▸ WHAT IS EXPECTED
What is needed is a faithful transcription of all the data below, pictures excluded.

▸ DATA BELOW
______

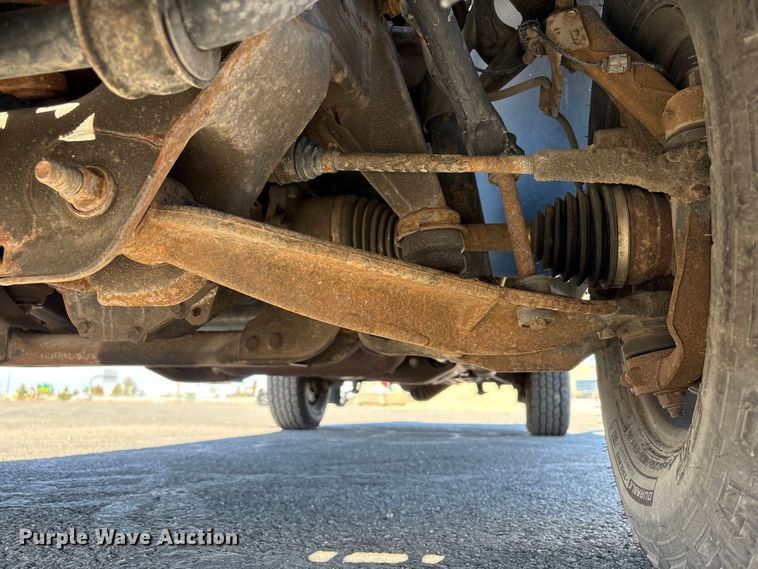 image for item EC8124 2013 Chevrolet Silverado 2500HD utility bed pickup truck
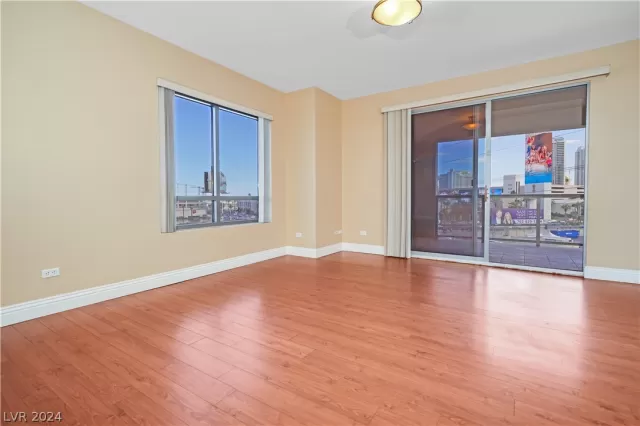 MLS: 2604249 Condo For Sale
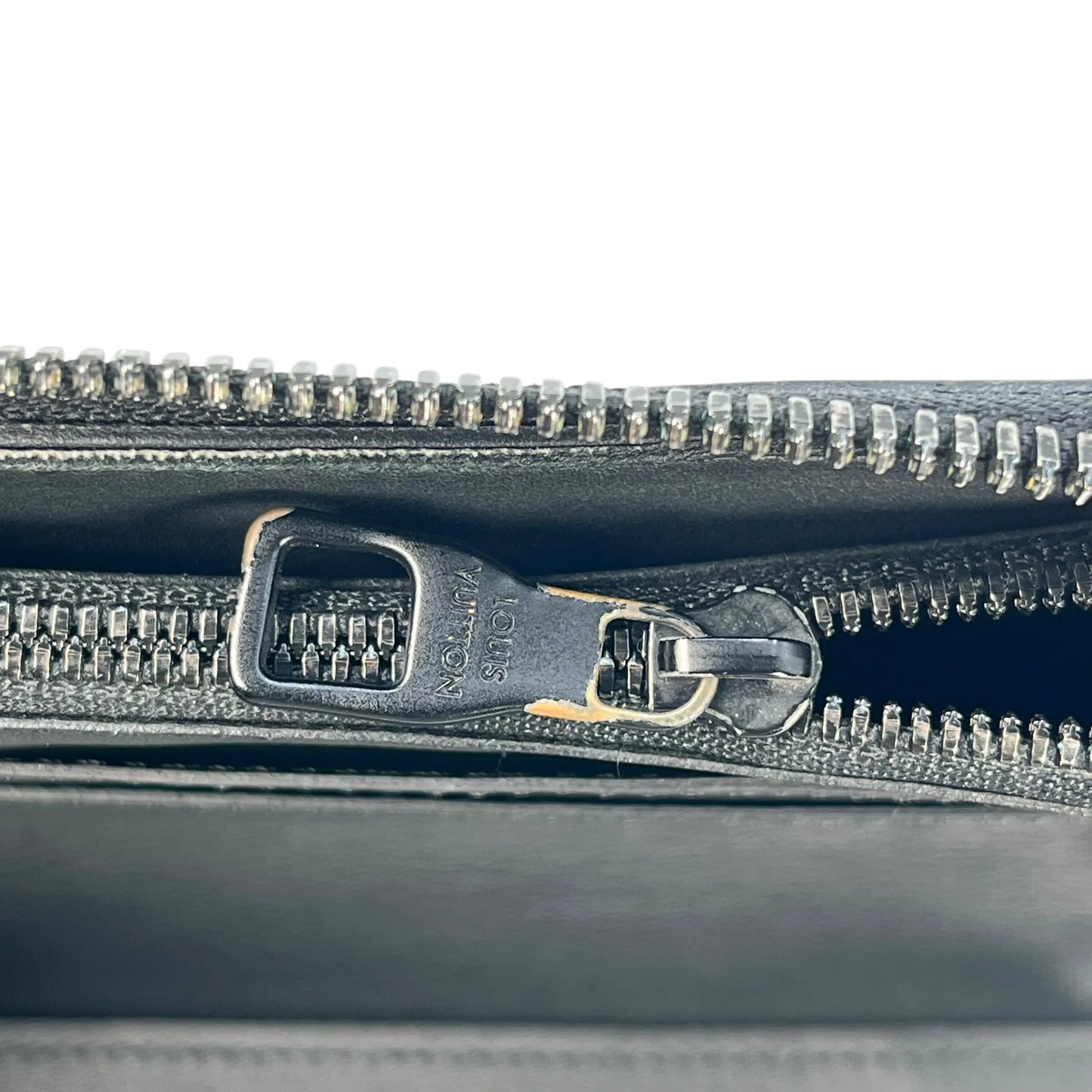 Louis Vuitton Vertical Monogram Taurillon Zippy Long Wallet - Black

______

▸ WRITTEN ANSWER
 image for item EC8124 2013 Chevrolet Silverado 2500HD utility bed pickup truck
 MLS: 2604249 Condo For Sale
 Louis Vuitton Vertical Monogram Taurillon Zippy Long Wallet - Black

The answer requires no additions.